Tatsache ist, dass es nach dem gescheiterten Putsch von 2016 zu einem Zweckbündnis gekommen war zwischen den Islamisten Erdoğans, den Rechtsnationalisten unter Devlet Bahceli, kemalistischen Kreisen der Armee und den Eurasiaten unter der Führung des extremen Linksnationalisten Doğu Perinçeks. Diese ideologisch so unterschiedlichen Flügel sind sich mittlerweile in wichtigen Fragen nicht nur nicht einig, sondern untergraben sich gegenseitig, wo es auch nur geht. Der Hof von Erdogans aus 1100 Zimmern bestehenden Palastes gleiche immer mehr dem Palast einer vergangenen Epoche, kommentierte neulich die griechische Zeitung «Kathimerini». «Der türkische Präsident ist nicht mehr derjenige, der alle Entscheidungen trifft. Es gibt Berater, Verwandte und Höflinge, die sich um die Vorherrschaft streiten, angehende Nachfolger und den neuen ‹tiefen Staat›, der ebenfalls eine Rolle in der Entwicklung beansprucht». Für Nachbarländer sei es deshalb besonders schwer auszumachen, wer in Ankara gerade wie viel Macht ausübe.
Die Festnahme Cem Gürdeniz letzten Sonntag dürfe für diesen hinter den Kulissen bitter ausgetragenen Machtkampf bezeichnend sein. Ehemals bekannt als treuer Kemalist und als solcher unerbittlicher Bekämpfer der Islamisten, hat dieser Admiral nach 2016 im Dienste der Islamisten die Doktrin der sogenannten Blauen Heimat entwickelt. Diese Doktrin, die Erdoğan zur offiziellen Staatspolitik erhoben hat, erhebt Anspruch auf ausgedehnte Hoheitsgewässer in der Ägäis, dem Mittelmeer und dem Schwarzen Meer und hat letztes Jahr für enorme Spannungen zwischen der Türkei auf der einen Seite und Griechenland, Zypern, Israel und Ägypten auf der anderen gesorgt.

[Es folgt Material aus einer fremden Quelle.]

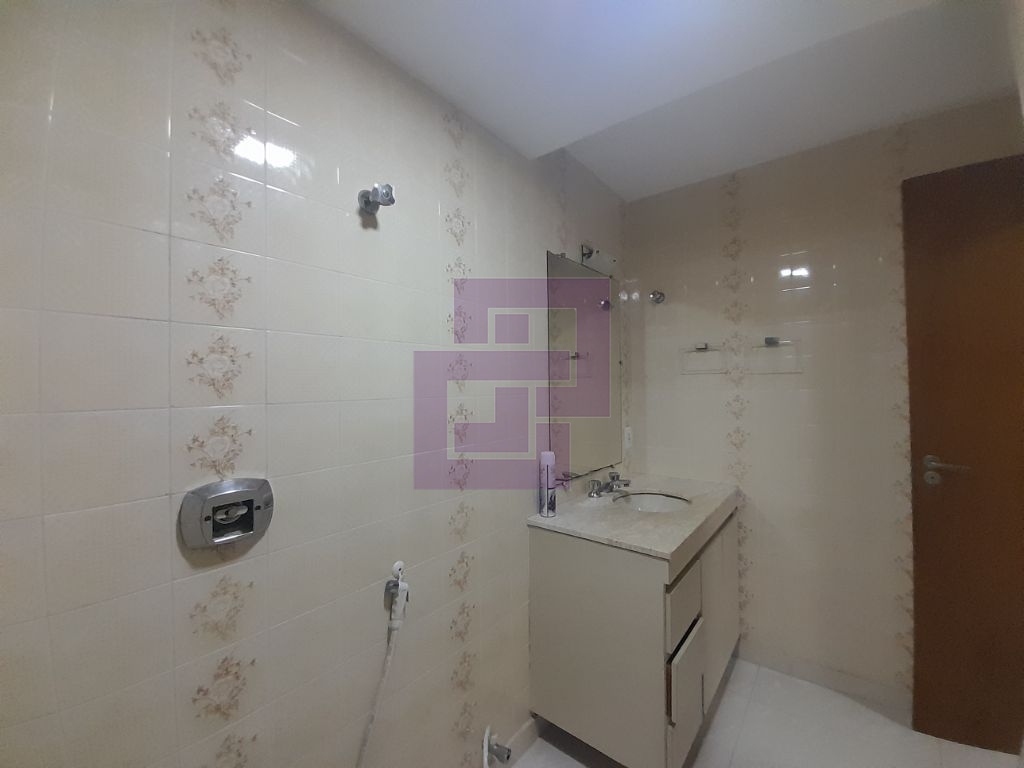 Apartamento Padrão de 03 dormitórios para venda nas Pitangueiras Guarujá SP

Am Dienstag wurde die Debatte über den Montreux-Vertrag vom Präsidenten fortgesetzt: «Wir werden uns weiterhin zu dieser Konvention bekennen, bis wir die Gelegenheit für eine bessere finden», zitierte ihn die staatliche Agentur Anadolu. Wie Erdoğan ausführte, werde der «Kanal Istanbul» eine Alternative außerhalb der Beschränkungen des Montreux-Vertrages schaffen: «Wir streben nach einem Abkommen, das komplett der Souveränität der Türkei unterliegt». Davon zeigte sich allerdings sein engster Alliierter in der Regierung, der Ultra-Rechte Devlet Bahceli, nicht sonderlich begeistert: der Respekt der Montreux-Konvention sei «unsere rote Linie, die Frieden und Stabilität im Schwarzen Meer garantiert», erklärte er der Parlamentsfraktion seiner Partei, faktisch im Einklang mit den 104 pensionierten Admiralen. Und als hätte Präsident Erdoğan seinen Wunsch nach einer besseren Alternative nicht gerade der Öffentlichkeit mitgeteilt, sagte Devlet Bahceli ohne Umschweife: In der Türkei gebe es schliesslich «niemanden, der die Montreux-Konvention zur Diskussion stellt oder zu ihrer Abschaffung aufruft».